December Narrative Medicine Rounds with Eyal Press

"DIRTY WORK: Essential Jobs and the Hidden Toll of Inequality in America," a talk with Eyal Press about his book.

For December Narrative Medicine Rounds, we were honored to host Eyal Press, author of the book DIRTY WORK: Essential Jobs and the Hidden Toll of Inequality in America.

In Dirty Work, Press offers a paradigm-shifting view of the moral landscape of contemporary America through the stories of people who perform society’s most ethically troubling jobs: Drone pilots who carry out targeted assassinations; Undocumented immigrants who man the “kill floors” of industrial slaughterhouses;  Guards who patrol the wards of the United States’ most violent and abusive prisons,  and others.

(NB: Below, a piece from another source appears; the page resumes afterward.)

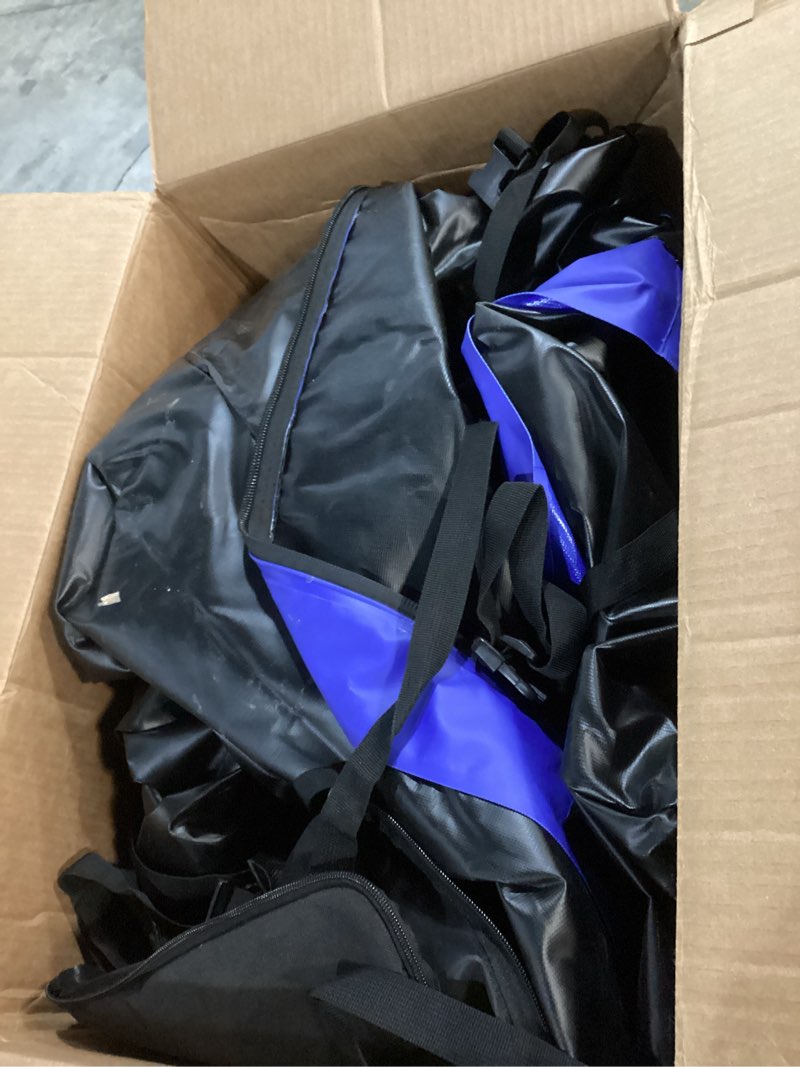 Condition photo showing Good Condition for 21 Cubic Feet Car Rooftop Cargo Bag Carrier, Soft Roof Top Luggage Bag for All Vechicles with/Without Racks - with Waterproof Zip, Luggage Lock, Anti-Slip Mat, Storage Bag, Door Hooks, Blue 21 Cubic Feet-Blue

The COVID-19 pandemic has drawn unprecedented attention to essential workers, and to the health and safety risks to which workers in prisons and slaughterhouses are exposed.

Cover image of Dirty Work by Eyal Press

But Dirty Work examines a less familiar set of occupational hazards: psychological and emotional hardships such as stigma, shame, PTSD, and moral injury. These burdens fall disproportionately on low-income workers, undocumented immigrants, women, and people of color. Illuminating the moving, sometimes harrowing stories of the people doing society’s dirty work, and incisively examining the structures of power and complicity that shape their lives, Press reveals fundamental truths about the moral dimensions of work and the hidden costs of inequality in America.

Eyal Press is an author and a journalist based in New York. The recipient of the James Aronson Award for Social Justice Journalism, an Andrew Carnegie fellowship, a Cullman Center fellowship at the New York Public Library, and a Puffin Foundation fellowship at Type Media Center, he is a contributor to The New Yorker, The New York Times, and numerous other publications. He is the author of Beautiful Souls and Absolute Convictions.

Headshot of Craig Irvine

Our moderator for the evening was Craig Irvine, Co-Director of Narrative Medicine at Columbia University. Dr. Irvine holds a PhD in Philosophy. For over 20 years, he has been designing and teaching cultural competency, ethics, Narrative Medicine, and Humanities and Medicine curricula for residents, medical students, physicians, nurses, social workers, chaplains, dentists, and other health professionals. Dr. Irvine is co-author of The Principles and Practice of Narrative Medicine, and has published articles in the areas of ethics, residency education, and literature and medicine. He has presented at numerous national and international conferences on these and other topics.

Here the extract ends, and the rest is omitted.